Mas essa é a vida real!
A morte e a comida estão intrinsecamente ligadas. A carne vem do abate dos animais do campo, não nasce nos açougues já em formato de costela. Os peixes são pescados nos mares e nos rios, e não na peixaria, eviscerados, em postas e filés sem espinhas. E os hortifrútis... não, eles não brotam nos balcões dos supermercados. A origem do nosso alimento está distante demais da gente. Muitas vezes esquecemos, negamos, ou simplesmente não queremos vê-la. Tão distante a ponto de nos chocarmos com ela.
Nós, cozinheiros, temos nos aproximado cada vez mais dos pequenos produtores para resgatar a origem dos ingredientes, entender e preservar a cultura e as tradições de cada região. Trazer esses produtos de qualidade para dentro dos nossos restaurantes, encurtando a distância entre a mesa e o campo, é um desafio.

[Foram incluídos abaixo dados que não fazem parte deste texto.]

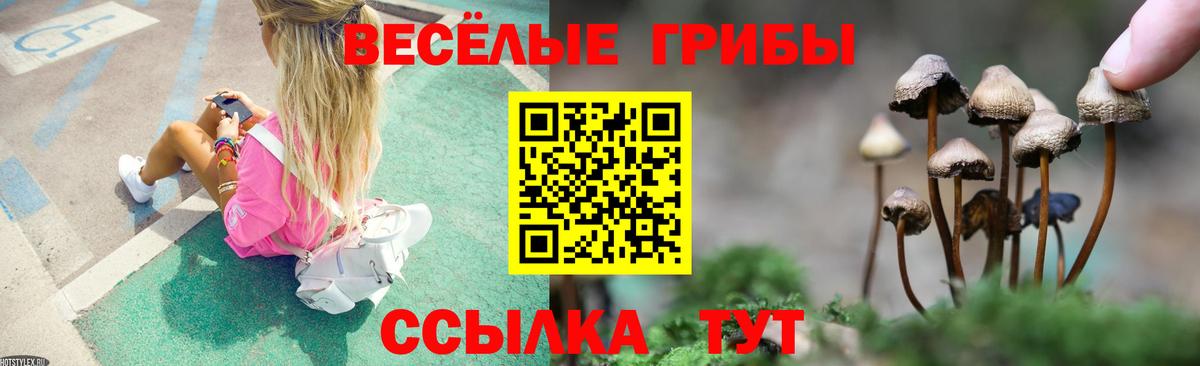 ГАШ  Архангельск  Меф МЯУ МЯУ кристаллы  Вход с VPN  Бошки Шишки  COCAIN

Compreender os costumes e as práticas de um povo é fundamental para respeitarmos hábitos e comportamentos que não nos são familiares. Olhar um ambiente rural com olhos urbanos, sem adequar nossa compreensão, é míope e incongruente.
No campo, o abate de um animal é uma cena comum. A carne e o sangue são alimentos. Na última edição do congresso Mesa Tendências, em São Paulo, vários cozinheiros gaúchos integraram a apresentação A Ferro e Fogo. No palco de um dos maiores eventos de gastronomia da América Latina, exibiram a carneação de um cordeiro, chamando a atenção para o total aproveitamento do animal. Essa é a vida de quem cozinha, de quem lida com alimentos, de quem cria animais.